Start of INPUT RECORDS

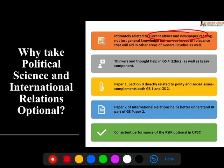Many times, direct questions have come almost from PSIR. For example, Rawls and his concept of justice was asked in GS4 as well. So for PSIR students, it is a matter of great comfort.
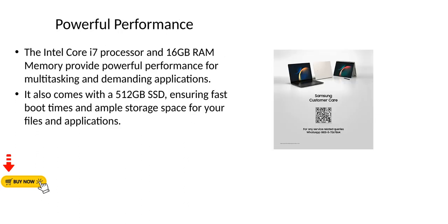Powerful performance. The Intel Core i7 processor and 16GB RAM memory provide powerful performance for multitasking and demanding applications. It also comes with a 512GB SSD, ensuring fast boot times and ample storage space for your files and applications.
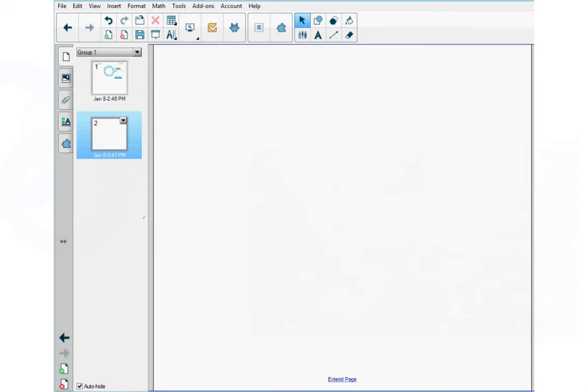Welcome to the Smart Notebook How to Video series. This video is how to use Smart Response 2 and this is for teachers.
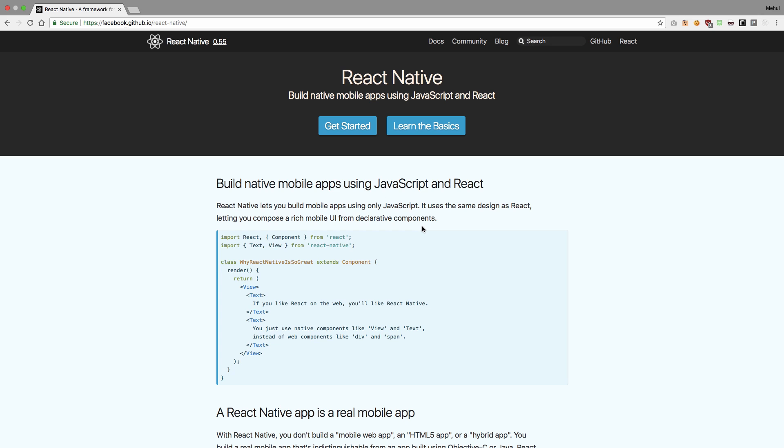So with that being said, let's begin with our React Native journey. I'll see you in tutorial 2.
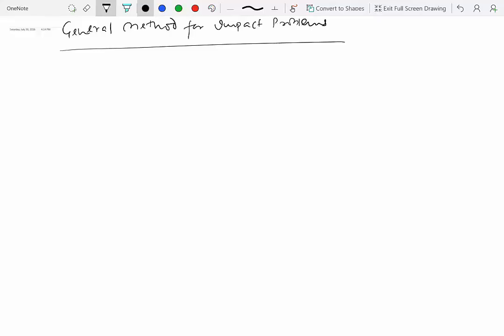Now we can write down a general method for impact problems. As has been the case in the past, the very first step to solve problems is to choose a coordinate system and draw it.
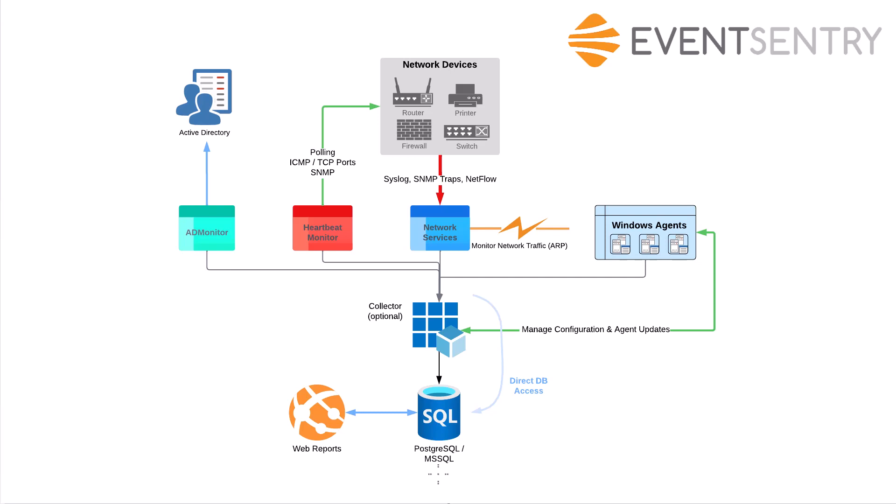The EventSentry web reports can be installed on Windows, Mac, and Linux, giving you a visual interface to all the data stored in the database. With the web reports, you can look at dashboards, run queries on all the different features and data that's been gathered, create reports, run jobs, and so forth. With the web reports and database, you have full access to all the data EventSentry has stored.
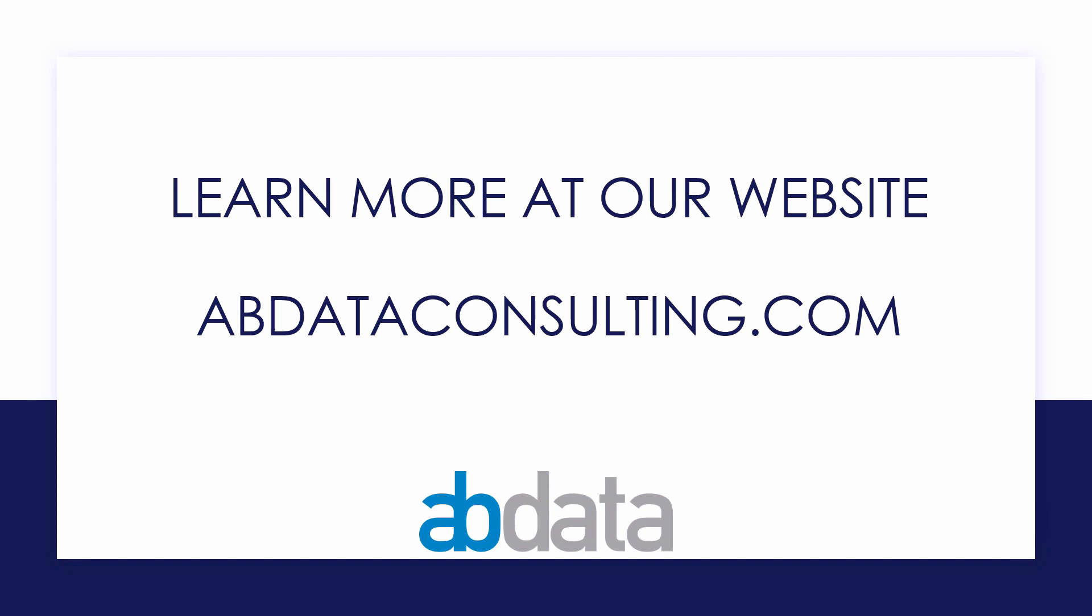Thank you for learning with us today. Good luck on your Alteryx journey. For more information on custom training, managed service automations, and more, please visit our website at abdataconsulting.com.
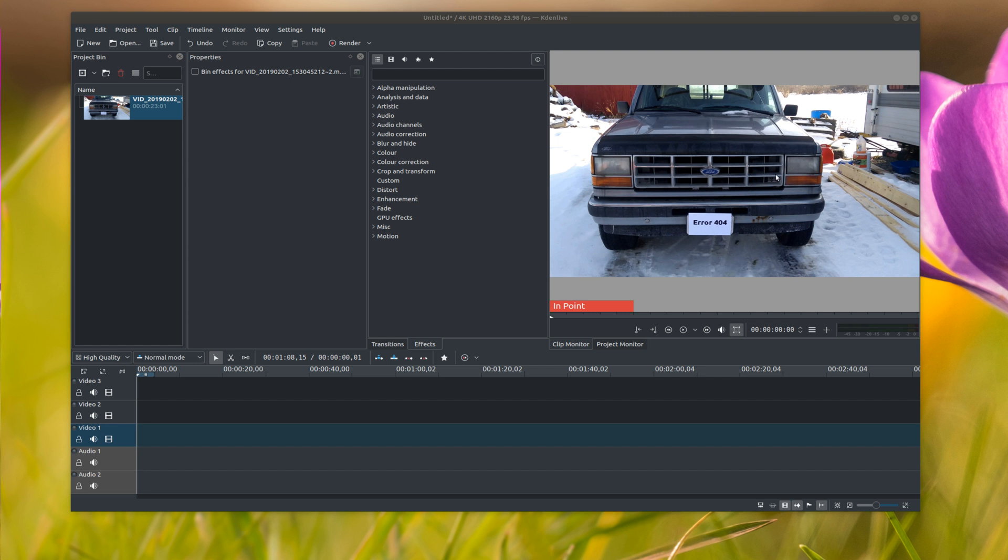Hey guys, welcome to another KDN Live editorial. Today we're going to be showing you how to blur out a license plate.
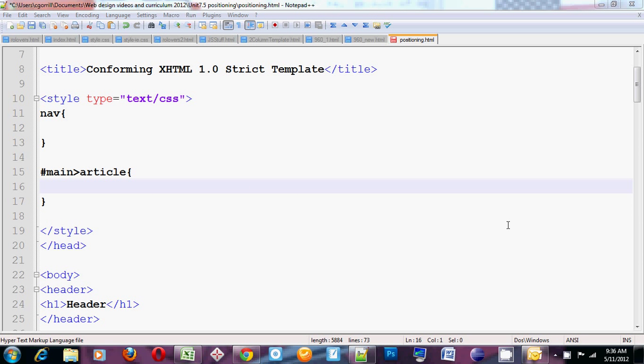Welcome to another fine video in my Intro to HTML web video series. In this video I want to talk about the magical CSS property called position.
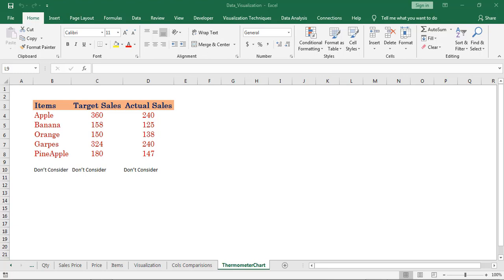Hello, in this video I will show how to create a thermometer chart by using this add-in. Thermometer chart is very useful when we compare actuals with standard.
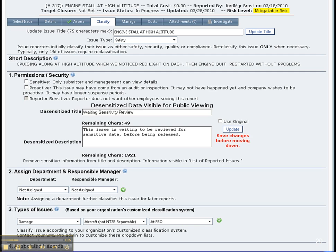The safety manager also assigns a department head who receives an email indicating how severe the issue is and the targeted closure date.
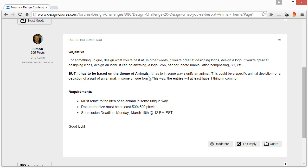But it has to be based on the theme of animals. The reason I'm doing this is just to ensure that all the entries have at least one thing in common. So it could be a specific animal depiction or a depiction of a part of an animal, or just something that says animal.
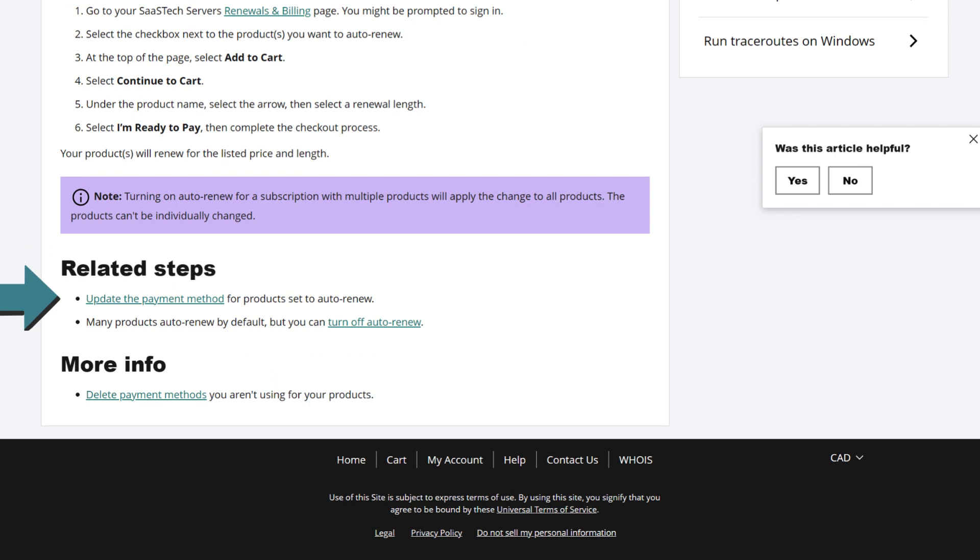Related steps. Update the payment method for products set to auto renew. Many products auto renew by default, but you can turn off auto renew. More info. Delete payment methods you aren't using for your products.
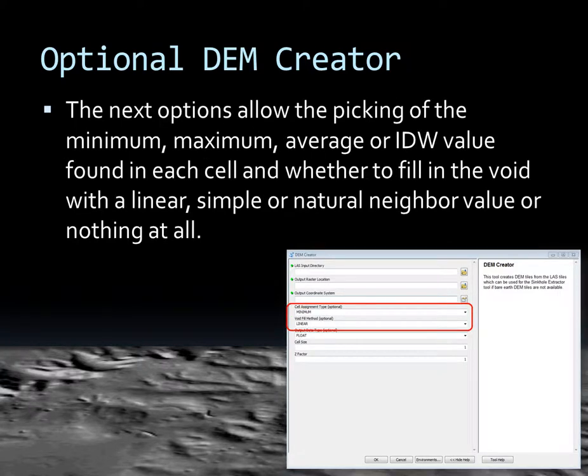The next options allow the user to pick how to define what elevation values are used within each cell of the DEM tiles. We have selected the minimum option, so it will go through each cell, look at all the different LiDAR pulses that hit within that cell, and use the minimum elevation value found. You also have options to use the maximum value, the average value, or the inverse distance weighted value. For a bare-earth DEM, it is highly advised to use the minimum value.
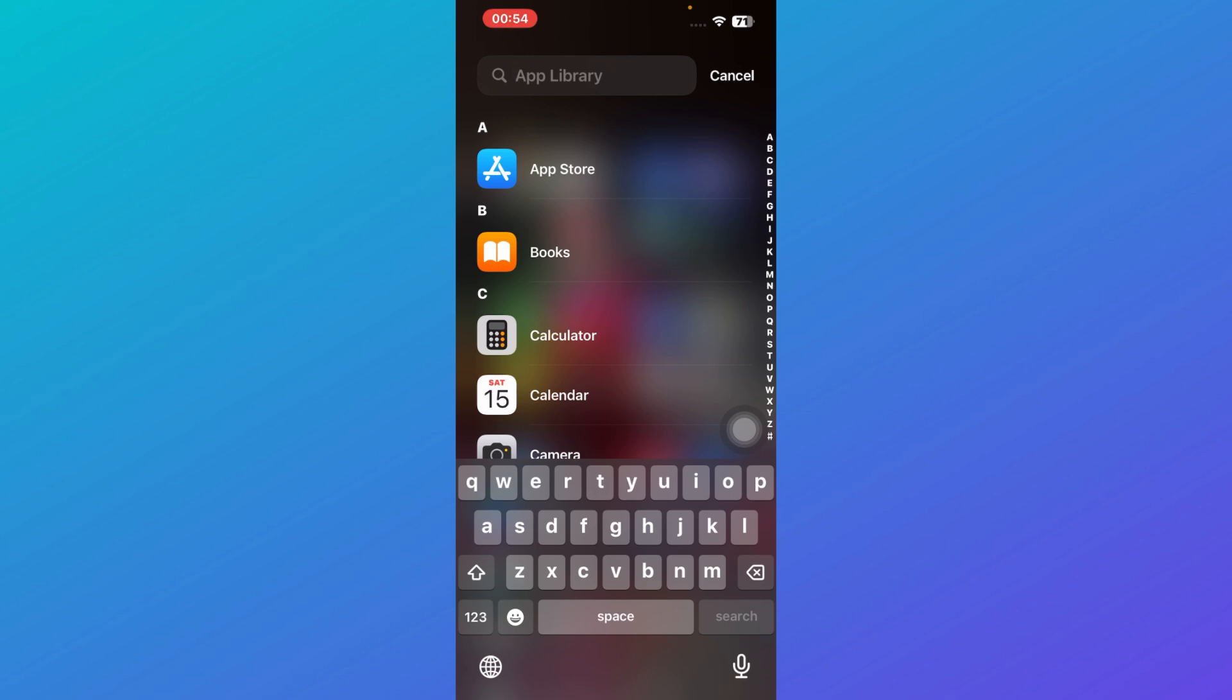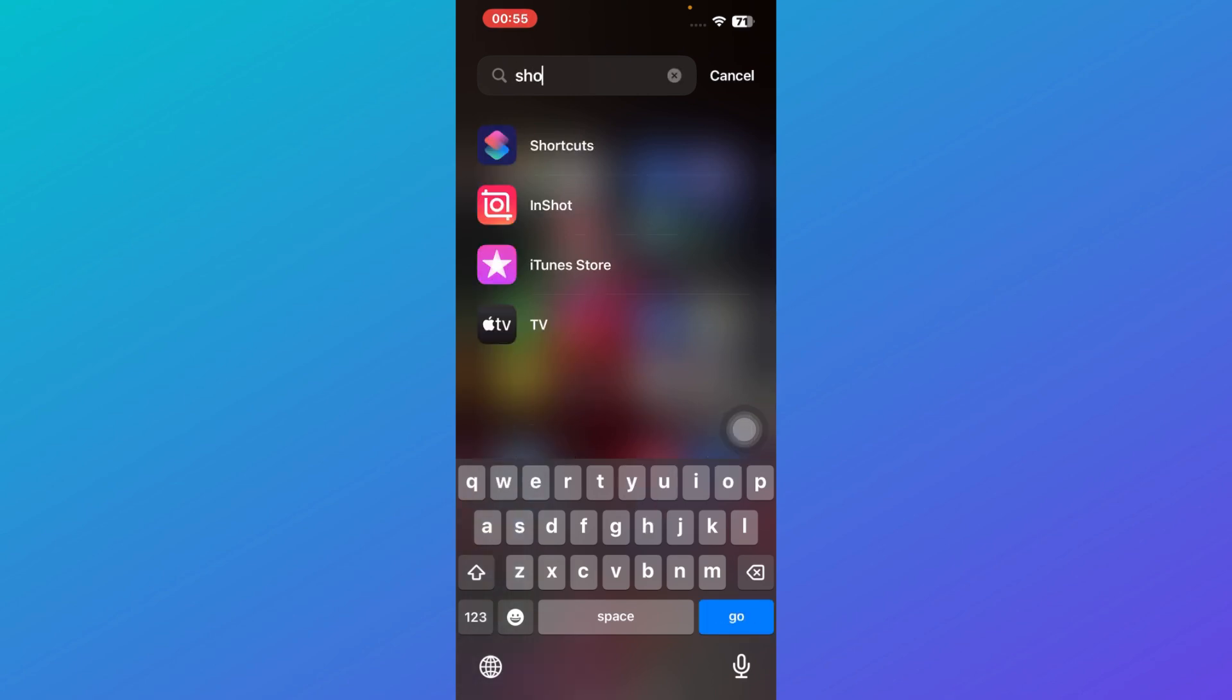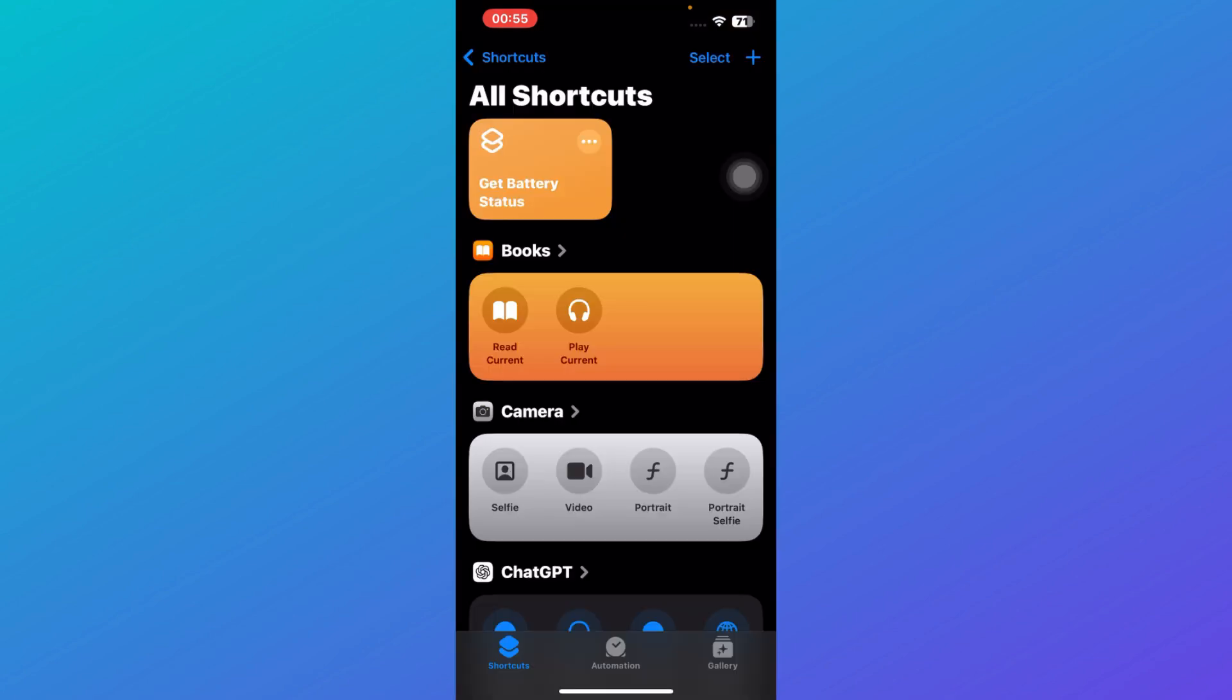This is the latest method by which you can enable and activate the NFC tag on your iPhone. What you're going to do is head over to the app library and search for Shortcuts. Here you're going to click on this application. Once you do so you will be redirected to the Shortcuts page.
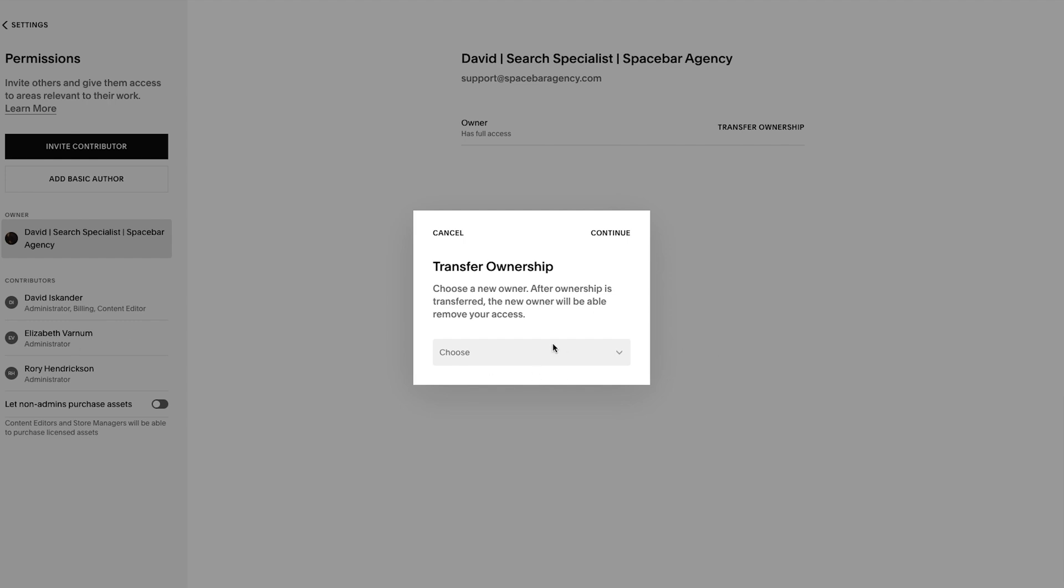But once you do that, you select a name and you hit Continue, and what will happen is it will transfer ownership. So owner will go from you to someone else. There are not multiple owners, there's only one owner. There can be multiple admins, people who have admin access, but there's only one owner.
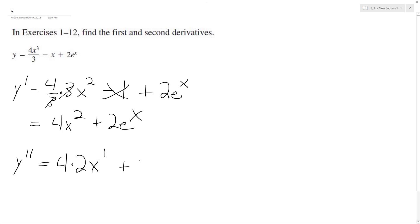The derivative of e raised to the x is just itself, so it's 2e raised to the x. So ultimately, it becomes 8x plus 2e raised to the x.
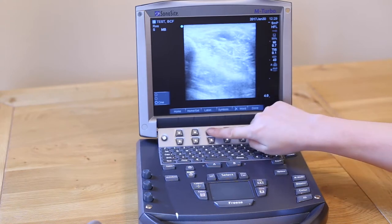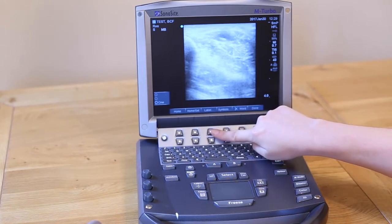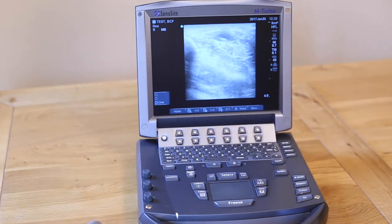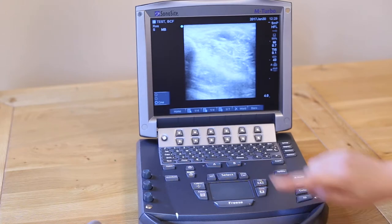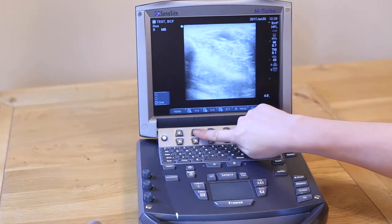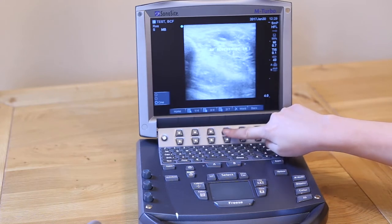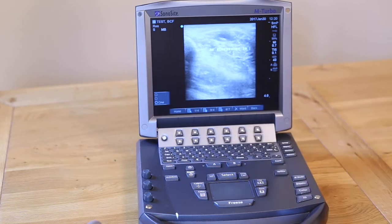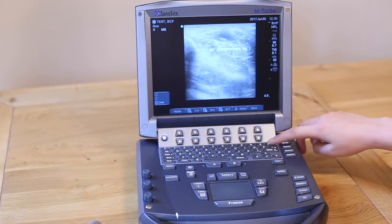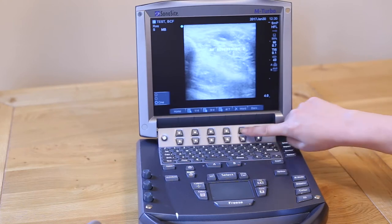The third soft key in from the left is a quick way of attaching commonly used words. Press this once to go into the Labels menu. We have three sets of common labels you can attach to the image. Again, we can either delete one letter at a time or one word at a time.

End of INPUT RECORDS

▸ **WHAT NEEDS TO BE DONE**
Pictures in the entries do not go into the copy. Print only the lines starting at the one containing "But it has to" and ending at the one containing "Related steps. Update", exactly as they appear.

▸ **EXERCISE OUTPUT**
But it has to be based on the theme of animals. The reason I'm doing this is just to ensure that all the entries have at least one thing in common. So it could be a specific animal depiction or a depiction of a part of an animal, or just something that says animal.
Related steps. Update the payment method for products set to auto renew. Many products auto renew by default, but you can turn off auto renew. More info. Delete payment methods you aren't using for your products.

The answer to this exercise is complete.